Pharmacological Inhibition of MMP3 as a Potential Therapeutic Option for COVID-19 Associated Acute Respiratory Distress Syndrome.

机构信息

Clinical and Experimental Therapeutics, College of Pharmacy, University of Georgia and Charlie Norwood VA Medical Center, Augusta, GA 30912, United States.

出版信息

Infect Disord Drug Targets. 2021;21(6):e170721187996. doi: 10.2174/1871526520666201116100310.

DOI:10.2174/1871526520666201116100310
PMID:33200717
原文链接:https://pmc.ncbi.nlm.nih.gov/articles/PMC8551813/
Abstract

The high mortality of coronavirus disease 2019 (COVID-19) patients is due to their progression to cytokine-associated organ injuries, primarily the acute respiratory distress syndrome (ARDS). The uncertainties in the molecular mechanisms leading to the switch from the early virus infection to the advanced stage ARDS is a major gridlock in therapeutic development to reduce mortality. Previous studies in our laboratory have identified matrix metalloprotease-3 (MMP3) as an important mediator of bacterial lipopolysaccharide (LPS)-induced ARDS, particularly in the exudative phase. Our studies have also reported elevated plasma MMP3 activity levels in the ARDS patients and that inhibition of MMP3 can reduce the severity of LPS-induced ARDS in mice.
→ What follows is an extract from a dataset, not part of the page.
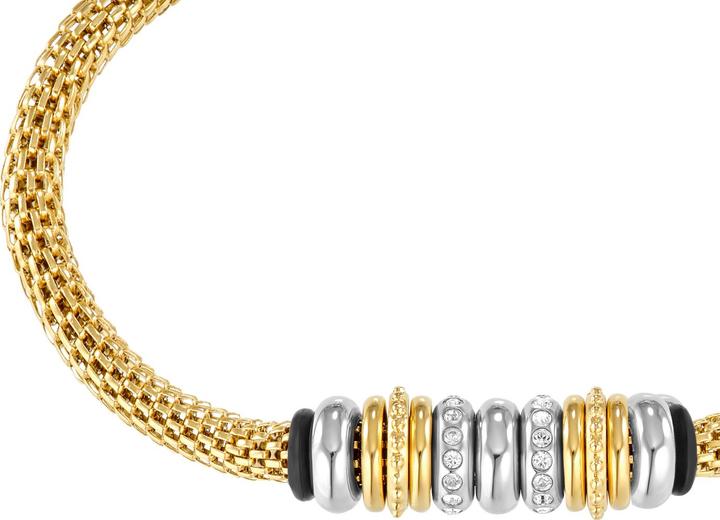 Image du produit S.Oliver Bijoux de bras pour femmes, acier inoxydable, zirconium synth. (21 cm, Acier inoxydable)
Given these observations, targeting MMP3 could be a potential option to treat COVID-19 patients with ARDS, and measurement of MMP3 activity in the plasma may serve as a biomarker for the early detection of ARDS in COVID-19 patients.

摘要

新型冠状病毒病 2019(COVID-19)患者的高死亡率是由于其进展为细胞因子相关的器官损伤,主要是急性呼吸窘迫综合征(ARDS)。导致从早期病毒感染到晚期 ARDS 转变的分子机制中的不确定性是降低死亡率的治疗开发中的主要障碍。我们实验室的先前研究已经确定基质金属蛋白酶-3(MMP3)是细菌脂多糖(LPS)诱导的 ARDS 的重要介质,特别是在渗出期。我们的研究还报告了 ARDS 患者血浆中 MMP3 活性水平升高,并且抑制 MMP3 可以减轻小鼠中 LPS 诱导的 ARDS 的严重程度。鉴于这些观察结果,靶向 MMP3 可能是治疗 COVID-19 伴有 ARDS 患者的一种潜在选择,并且测量血浆中的 MMP3 活性可以作为 COVID-19 患者 ARDS 的早期检测的生物标志物。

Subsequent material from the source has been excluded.